Segment Open

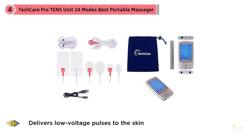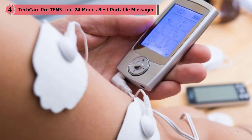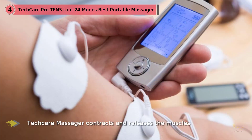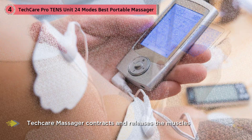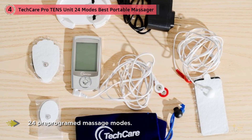You can connect up to four sticky pads to the electrode cables, allowing you to treat multiple areas at once. With 20 intensity settings and six modes of current pulse — more than on most units we tested — the Pro 24 gives you a wide range of options to make the current feel subtle or strong. The large, bright screen is easier to read and less crowded than the display on any other device we considered.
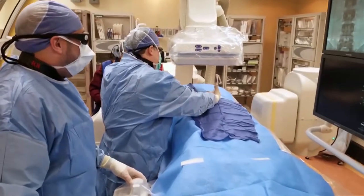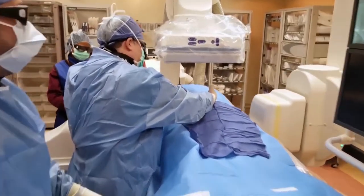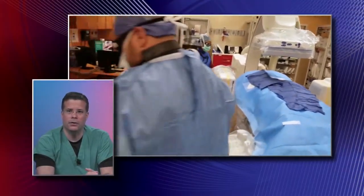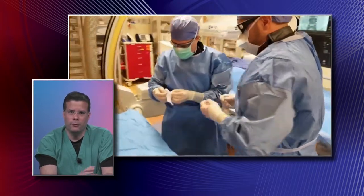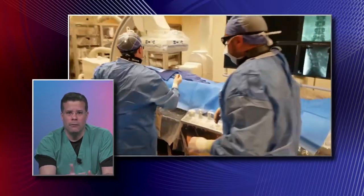We have a tube sitting on top of the patient that provides us the anatomy we need to look at. We go ahead and clean the area, keeping it as sterile as possible. After we count and make sure it's the right level, we do a timeout and proceed.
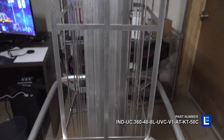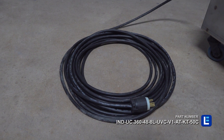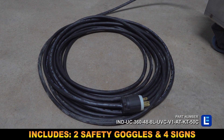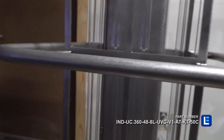Capable of disinfecting an entire room, the 304 stainless steel UV system comes with 50 feet of 16-3 SOOW cord and a safety kit that includes 2 goggles and 4 safety signs. This UV sanitation cart is a powerful sanitation solution for industrial sites and commercial facilities.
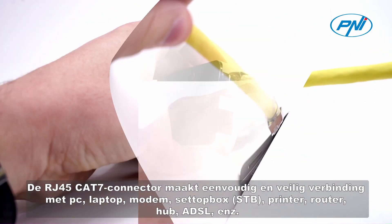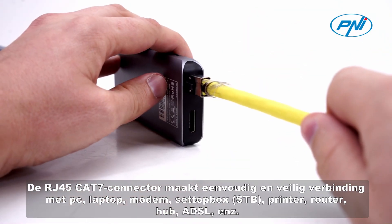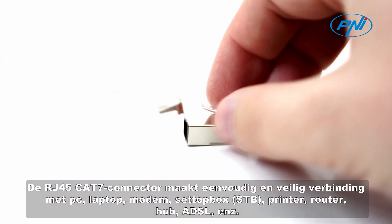The RJ45C87 connector connects easily and securely to PC, laptop, modem, setup box, STB, printer, router, hub, ADSL, etc.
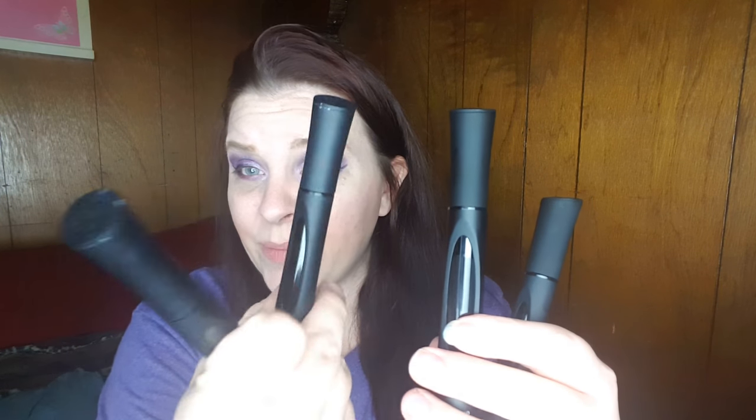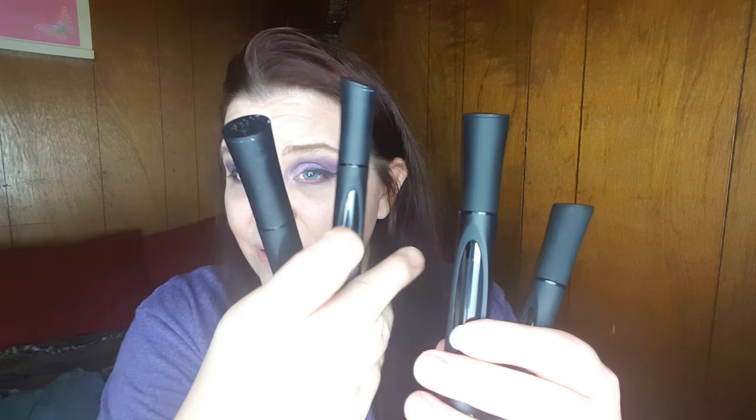These new mascaras are supposed to be 400 percent better, but they look identical to the last edition, so I'm hoping they're going to be different. I also checked with her to make sure I got the ones that were claimed to be the 400 percent more lashes, so let's put this bad boy to the test.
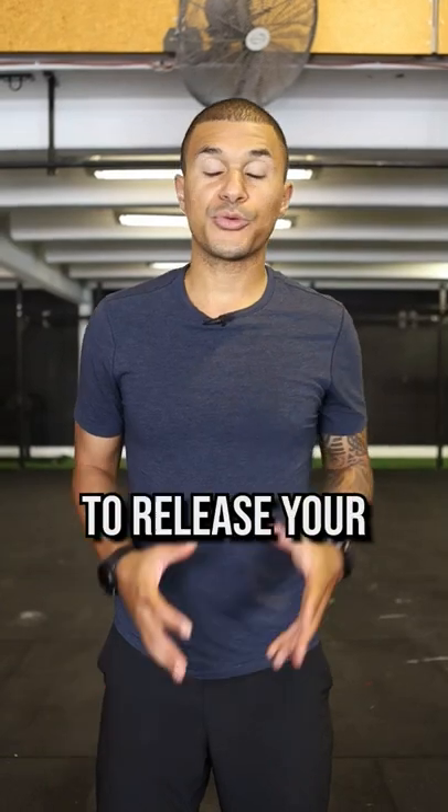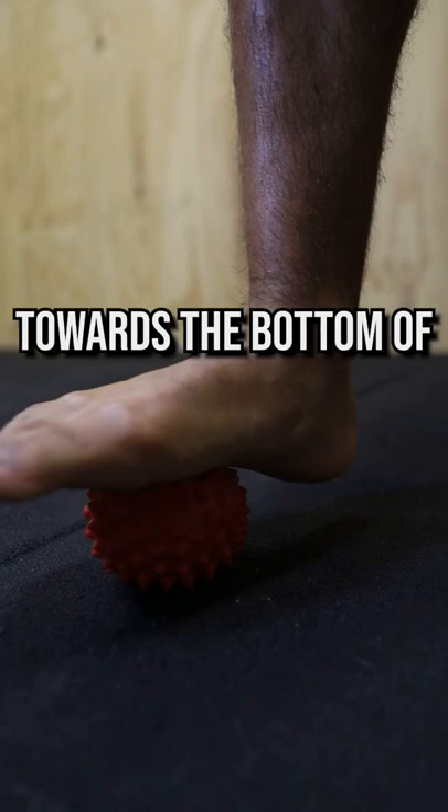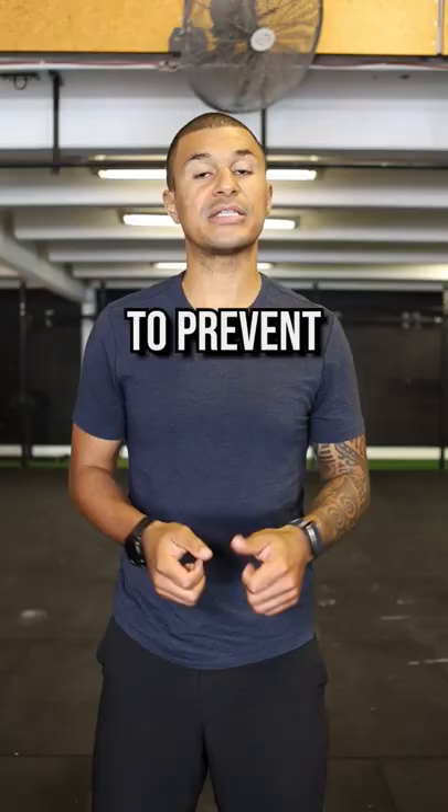Two ways to help release your feet every morning. First one is to get a spiky ball or a tennis ball and roll it under your foot. This is going to help to improve blood flow towards the bottom of the foot and it's going to help to prevent plantar fasciitis.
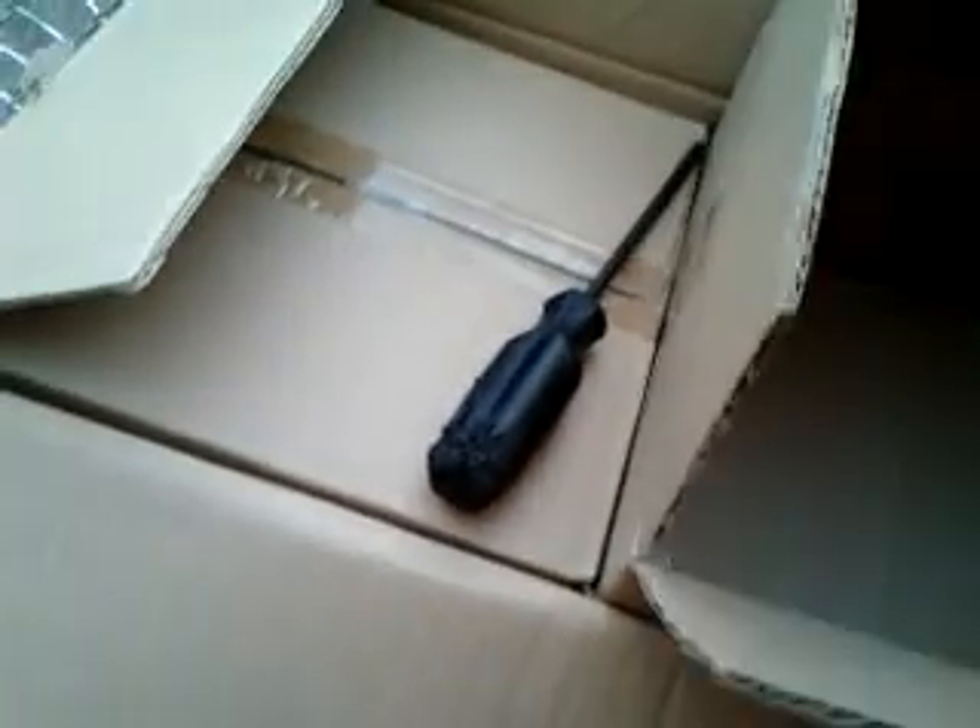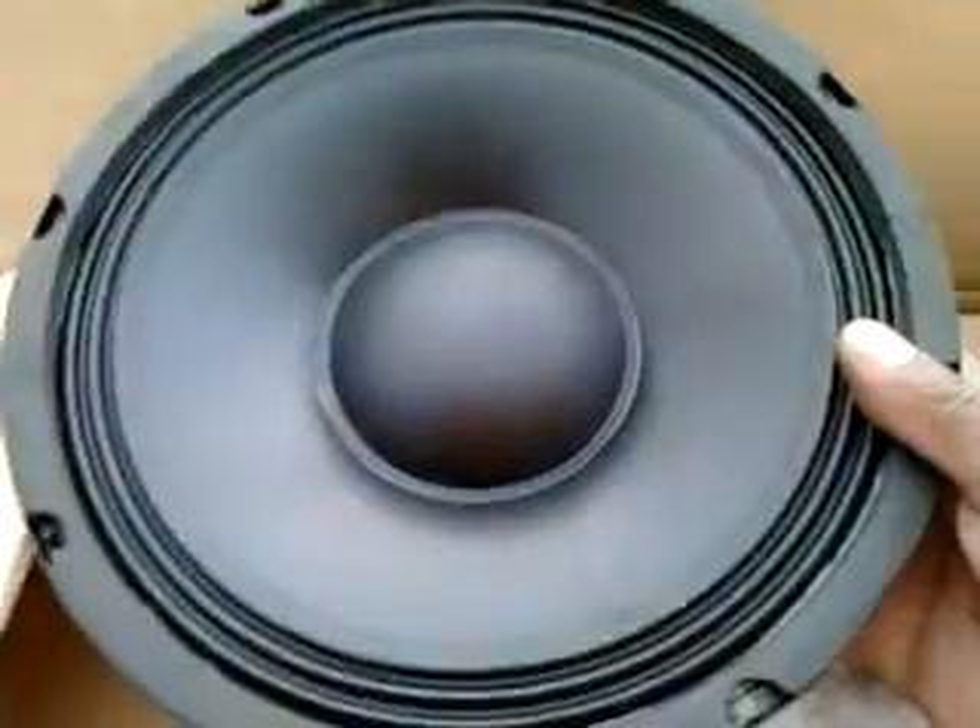Back to this right here — these are all four ohm speakers. I like four ohm speakers for my audio. Four ohms, that's the model number, 125 watts. So we're about to start putting these puppies in right now. It's getting cold out here too. Such a good looking speaker.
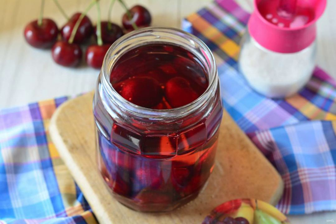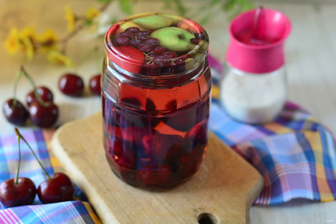Pour sweet syrup over the cherries and roll up the jars with compote lids. Insulate them with a blanket and leave them to cool for 3-4 hours. Then put the compote in a dark pantry or cellar until winter. The output of the finished billet is 1 liter jar.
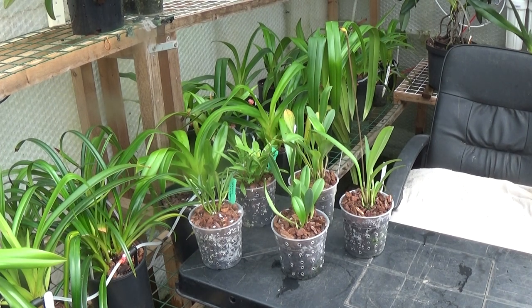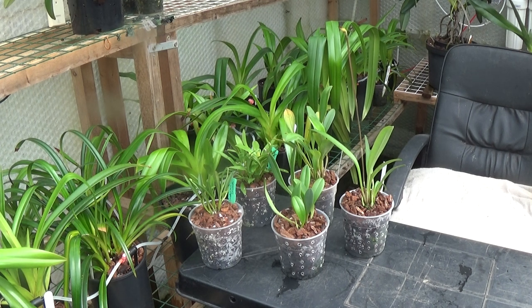Good morning everyone and welcome once again to Ed's Orchids. It's Sunday morning, the sun's shining a little bit, but it's still quite nippy outside and only about 17-18 degrees in the greenhouses yet. Something a little bit different today — I've had a request to talk about tips of brown leaves, somebody wants to have a look at the fish and see how they're getting on. I've also included a bit of wildlife from the garden, so we'll start off with that.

Segment Closed

**EXERCISE REQUIREMENTS:**
Transcribe exactly the span of lines that opens with the line holding "Two ways to" and closes with the last line of the entries above. Omit pictures.

**WRITTEN ANSWER:**
Two ways to help release your feet every morning. First one is to get a spiky ball or a tennis ball and roll it under your foot. This is going to help to improve blood flow towards the bottom of the foot and it's going to help to prevent plantar fasciitis.
Back to this right here — these are all four ohm speakers. I like four ohm speakers for my audio. Four ohms, that's the model number, 125 watts. So we're about to start putting these puppies in right now. It's getting cold out here too. Such a good looking speaker.
Pour sweet syrup over the cherries and roll up the jars with compote lids. Insulate them with a blanket and leave them to cool for 3-4 hours. Then put the compote in a dark pantry or cellar until winter. The output of the finished billet is 1 liter jar.
Good morning everyone and welcome once again to Ed's Orchids. It's Sunday morning, the sun's shining a little bit, but it's still quite nippy outside and only about 17-18 degrees in the greenhouses yet. Something a little bit different today — I've had a request to talk about tips of brown leaves, somebody wants to have a look at the fish and see how they're getting on. I've also included a bit of wildlife from the garden, so we'll start off with that.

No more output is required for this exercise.